Sunday, July 29, 2007

When (and Where) did Music Move from Background to Foreground?

Yesterday I described Mozart's "Haffner" serenade as "occasional music." This is a slightly more dignified phrase than "background music;" but the two phrases have roughly the same connotation. This particular composition was written for a wedding; and in eighteenth-century Austria one did not go to weddings to listen to music. Presumably, then, as now, the primary function at a wedding was social talk situated in a context of food (probably, but hardly definitely, better in a posh wedding in 1776 Salzburg that it would be today), fashion, and some form of music tasteful enough to fill any embarrassing silences but not so intrusive as to interrupt conversation. Tafelmusik (which carries both the denotation and connotation of "dinner music") served a similar function.

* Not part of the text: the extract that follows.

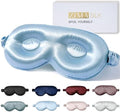 ZIMASILK Adjustable 22 Momme 100% Pure Mulberry Silk Sleep Mask by ZIMASILK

The fact that Mozart would put out a "product" (which is basically how it would be viewed by its "consumers," Sigmund Haffner being very much such a consumer) that deserved attentive listening was irrelevant, if not disruptive to the social occasion.

The above reflection is a product of my just having read Darryl Pinckney's review of Gabriel Banat's new biography of the Chevalier de Saint-Georges. I suspect that many of my contemporaries, like myself, discovered Saint-Georges through the good graces of the Musical Heritage Society (MHS), which used to sell "reprints" of European recordings from publishers such as Erato. MHS had a series called "Of Castles and Cathedrals," each record of which hypothesized a concert that would be performed at a particular castle or cathedral. The first of the series was an imagined concert for Marie Antoinette at the Petit Trianon; and the first side coupled one of Saint-Georges symphonies concertantes with a duo by his teacher, François Gossec. It was from the liner notes that I learned that Saint-Georges was a mulatto from Guadeloupe, a fact that could first be summoned to raise eyebrows at a concert and later receive more serious attention in the study of Black History. Pinckney's review, however, addressed an attribute of that concert (real or imagined) that I had not previously considered:

In the early 1770s, a new type of concert emerged in large court societies. The chatter of the salon quieted down and people began to listen more attentively, or seem to, a reflection of a fashion for seriousness and marking a display of one's elevated sensibility.

Pinckney does not discuss whether this "new type of concert emerged" locally in France or began to crop up in court societies across Europe. He only writes about France because that was the site of most of Saint-Georges' musical activities. However, given the impressions we get about the Archbishop of Salzburg from accounts of Mozart's life, it is not hard to imagine that the trend had not yet "taken" in the Salzburg of 1776; so Mozart most likely only encountered it when he moved to Vienna and the court of Marie Antoinette's relatives!